Silvopasture: A guide to Managing Grazing Animals, Forage Crops, and trees in a Temperate Farm Ecosystem
review by Joan Walker
I was very interested to read this book as I have practiced Silvopasture for many years and am planning my biggest forest cut yet to support the practice for my 65 Devon cattle herd in the middle of New England.
Steve Gabriel, author of Farming the Woods (with Ken Mudge), is an ecologist, educator, and a forest farmer who has lived most of his life in the Finger Lakes region of New York and I have heard him speak at a few events, always interesting, always informative.

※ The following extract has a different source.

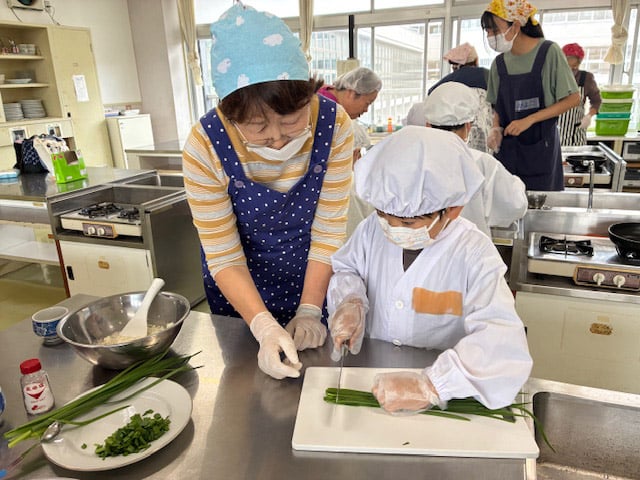 写真11にらせんべい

Thus, I was looking forward to the book and his insight.
Steve breaks the book down into a logical format that brings clarity to farmers new to the practice but also with many well thought out insights for more seasoned practitioners of Silvopasture.

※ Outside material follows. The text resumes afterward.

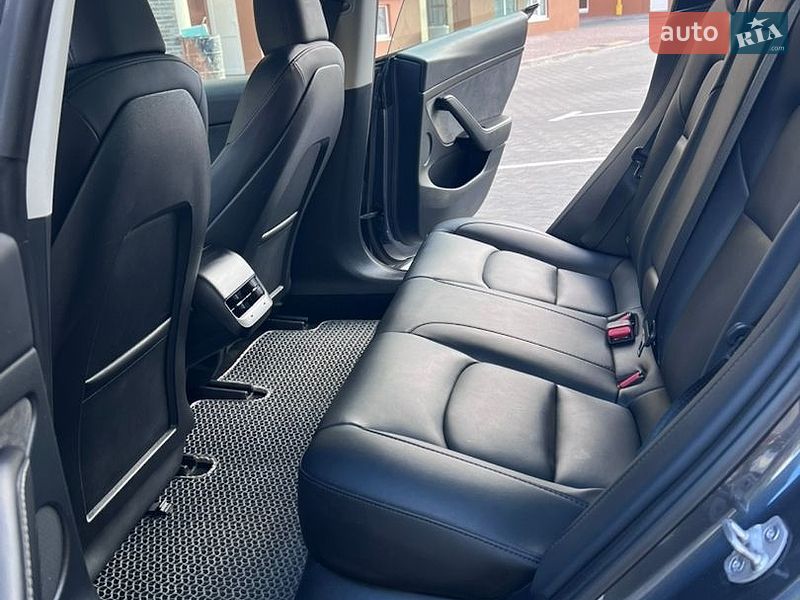 Седан Tesla Model 3 2023 в Софіївській Борщагівці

The first chapter defines silvopasture, especially delving into the modern practice of keeping crop and pasture lands separate from forests. Gabriel discusses in depth the benefits of managing these lands in a more symbiotic way, utilizing the compound effect of making the most of each area as part of a whole and working WITH each other part of the farm. The farm becomes, as Jerry Brunetti put it, an ecosystem on its own with no one part not dependant on the others.
The second chapter explores more of the history of silvopasture and tells of how sustainable silvopasture systems were the way things were done for hundreds of years but went out of use as farming, like life, became more compartmentalized (and short-sighted). He gives great examples of pig farms and other stories to highlight techniques mostly lost in America but still widely practiced in other parts of the world.
The third chapter moves into practice specifics and delves into fencing, animals and other basic concepts and issues. Although the information is basic enough for the beginner to start to plan his silvopasture endeavour, his specifics on mapping and planning (think wind, water, light, soil type, fodder and tree species, etc.) are in-depth enough to afford even someone who has used silvopasture techniques before lots to add to their plans and many new ideas.
The next two chapters get into specifics on bringing animals into the woodlands or bringing trees into pastures and goes into great depth on the animals, the land and the systems needed that are unique to silvopasture – how DOES one address fencing in the woods and training animals to eat new foodstuffs? Steve did a great job in making you think about all the details you should be considering in your plans.
The last chapter delves deeper into planning to increase the odds of success.
Steve mentions working with what you have and starting with what you have – it’s expensive to plan an enormous project in time and money and Steve brings us along on how to address each step as a part of a process that can be planned and executed as the farmer has time and money available – it was nice to not feel one had to take out a second mortgage or stop doing their routine duties to jump into a big project – how to take bites of each course was discussed in depth and was very helpful.
I really enjoyed the book – I learned and was entertained – a wonderful yet rare occurrence. It was particularly encouraging to read how planting trees or reclaiming hedgerows or scrub area or thinning woods can improve the health of the area used, the animals involved and the farm as a whole. Sustainable ecosystems are, thankfully, becoming appreciated again – it was how it WAS long ago and that wisdom was lost – and silvopasture practices – and this book in particular – will be a welcome addition to any farmer’s (big or small) bookshelf as a thought-provoking guide to a long-lost practice of the past.